В конце концов, если я буду отмалчиваться и не возражать всему тому, что, пусть во многом намёками, но грязного льётся на меня, то те же офицеры не поймут. Главный постулат, аксиома – я не могу быть ни в чём обвинённым, так как действовал… Именно так: «так как я действовал», в отличие от других.

– И всё же я предполагаю передать австрийского представителя пока ещё нейтральной Австрии. Таким образом, мы хотя бы немного отсрочим вступление Австро-Венгрии в войну, – сказал Михаил Дмитриевич Горчаков, посмотрел на присутствующих, не нашел в них поддержки, решил еще больше утопить себя: – Ну не можем мы воевать еще и с австрийцами. Они – европейская армия, выученная…

Голос генерал-фельдмаршала был неуверенный. Он уже и сам понял, что совершил ошибку, когда собрал военный совет. Я знал, что генерал-фельдмаршал мог приказывать, и приказ был бы исполнен. Но если начинался разговор, пересуды, вопрошание мнений… То даже высокий чин Горчакова играл вторичную роль. Офицеры прекрасно видели, что отсутствие продвижения в сторону Болгарии, как и на Константинополь – это осторожная политика по отношению к Австро-Венгрии.

Так что, по сути, стоял выбор: продолжать стоять на месте, ожидая, когда всё-таки Австро-Венгрия уже открыто ударит по России, или кинуться бить морду всем этим «нейтралам».

Первый вариант подразумевал под собой, что вся Южная Армия может так и простоять на нынешних рубежах, не продвинувшись ни на километр южнее. В то время как другие русские войска будут героически сражаться. Можно всю войну и простоять, развеяв славу взятия Силистрии, навлекая на себя позор бездействия.

Сведения, что англо-французский корпус из Варны убыл в неизвестном направлении, до Силистрии дошли. Я же был уверен, о чём и говорил генерал-лейтенанту Сельвану, что европейцы начали десантную операцию в Крыму. И вполне удачную, если англо-французские корабли назад, к Варне, не возвращаются, или приходят туда, чтобы только забрать очередной полк.

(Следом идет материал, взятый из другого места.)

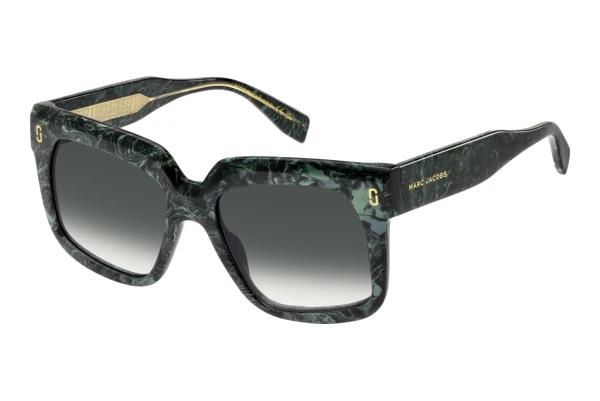 Zonnebril Marc Jacobs MJ 1135/S JRI/08
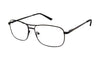 LF 502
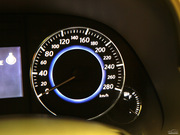 2013 FX37 (bio)(zhn)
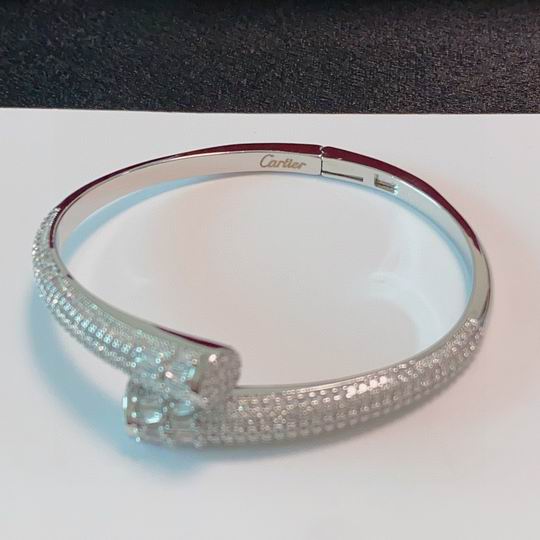 Cartier bracelet 11lyh152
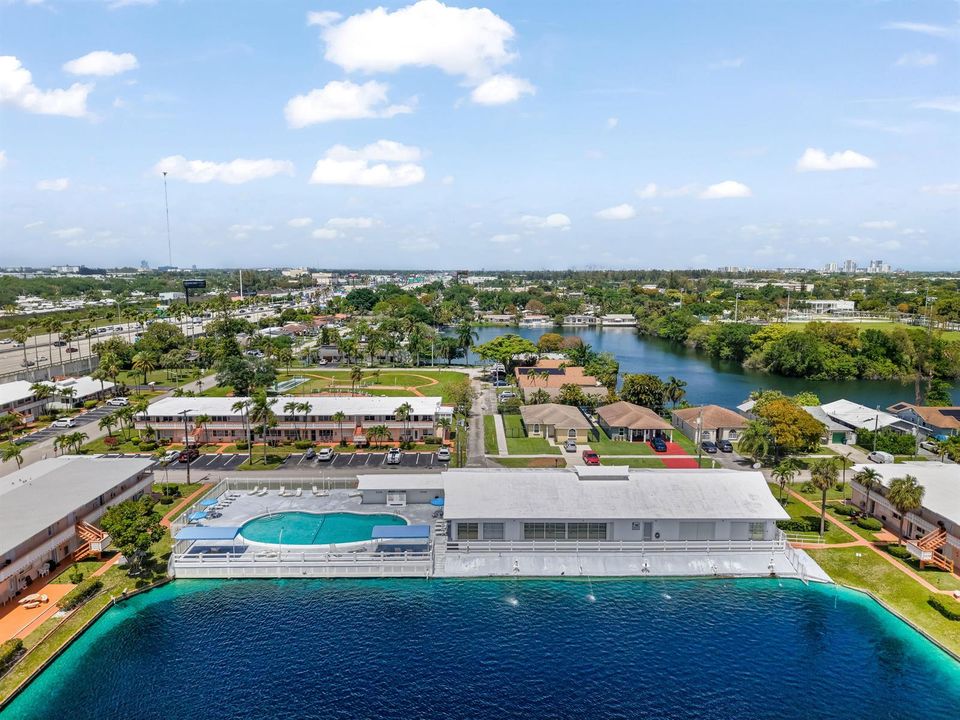 DJI_20260404133654_0220_D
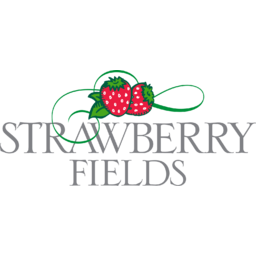 Strawberry Fields REIT logo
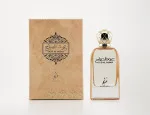 Oud Al Sabah woda perfumowana unisex 100 ml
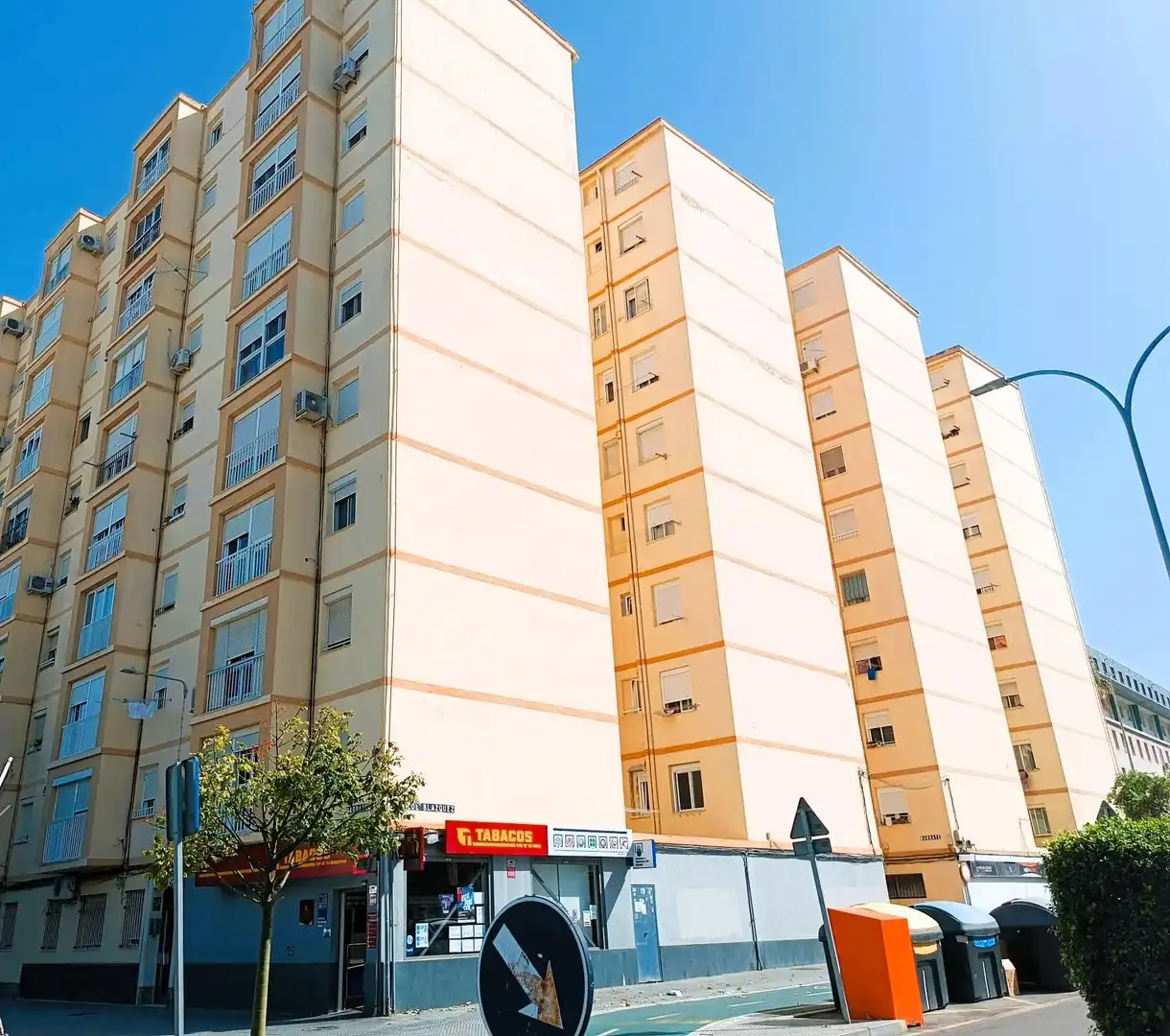 Pis en venda a Astilleros - La Paz - Loreto - El Corte Inglés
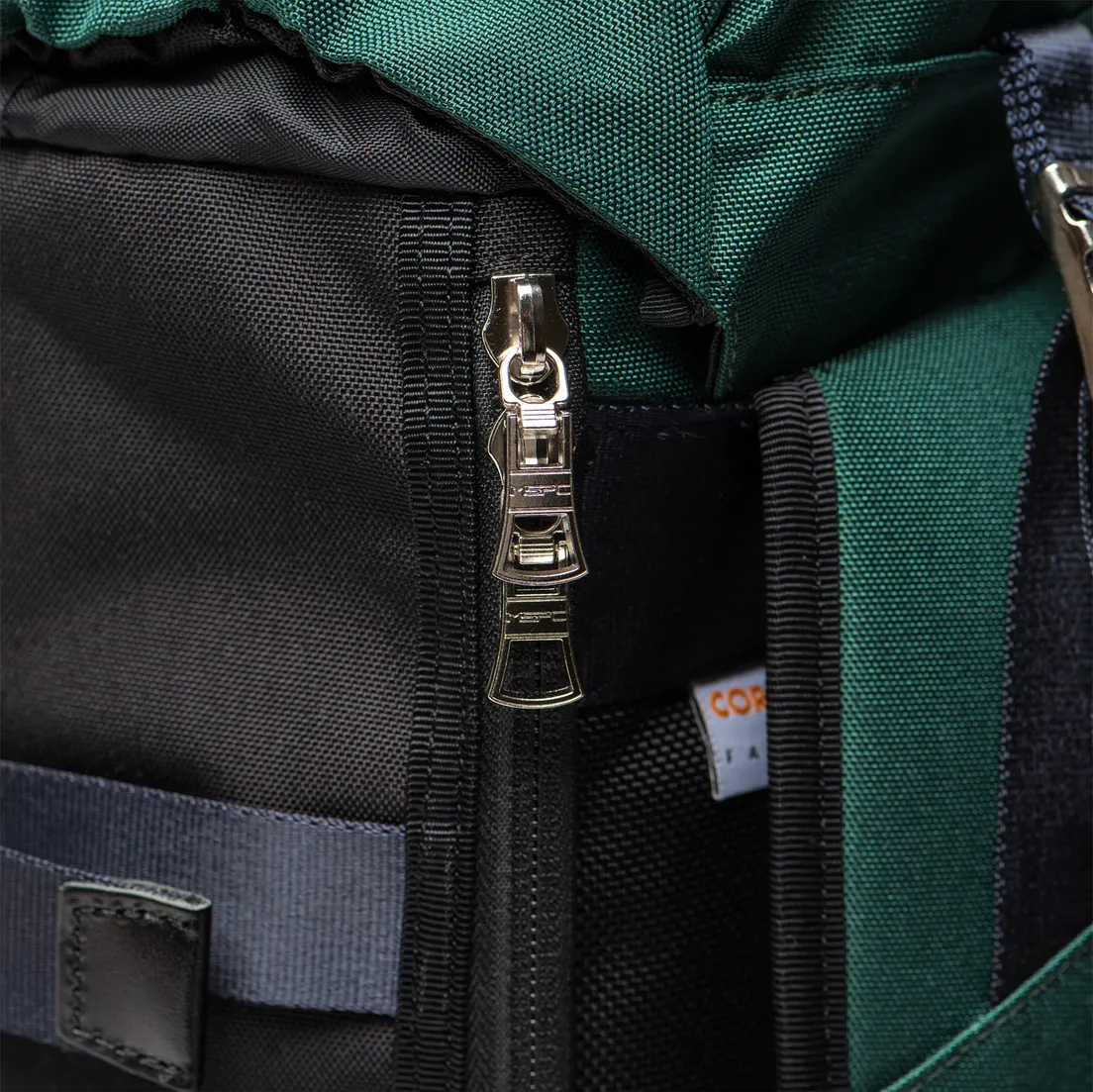 Master-piece Рюкзак Hunter 23L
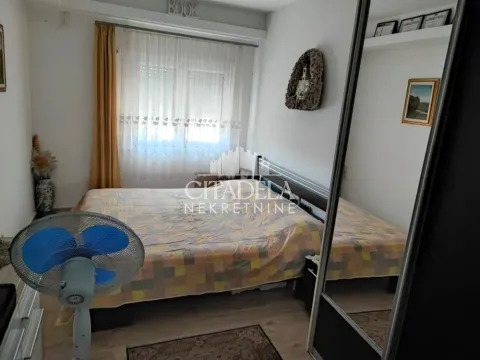 Prodaja, četvorosoban stan, 149m², Voždovac Sve Podlokacije, Beograd - image 5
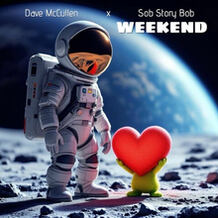 Weekend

Вот оно – так и напрашивался удар по Варне, где стало намного меньше французов и англичан, так же и крепкий турецкий корпус ушел. Ударить бы, да лишить возможности врагам достаточно свободно пользоваться прибрежной турецкой инфраструктурой. Или пусть бы перенаправили свои полки в Синоп… Ах, да, порт в нем разрушен. Так что взятие Варны очень осложнило ситуацию для противника.

Что же касается варианта воевать с Австрией, то тут имелись некоторые психологические особенности русской армии. Многие из тех офицеров, которые сейчас находятся в Южной армии, принимали участие в венгерских событиях. Тогда вооружённые силы Австрии показали себя не то что вяло, а преступно ничтожно. И, считай, действительно лишь только русская армия и спасла Австрию от ещё более глубокого кризиса и полного отделения Венгрии.

Так что русские офицеры считали, что австрийцы нам не соперники. Разобьём этих предателей, ну максимум в трёх сражениях, и австрияки откатятся назад, зализывать раны. Я бы не стал думать таким образом, как это делают многие русские офицеры. Интересно, а прозвучало уже про «шапками закидаем»? По-моему это случилось в иной реальности в Крымскую войну [слова про «шапками закидаем» приписывают генерал-лейтенанту Кирьякову после битве при Альме].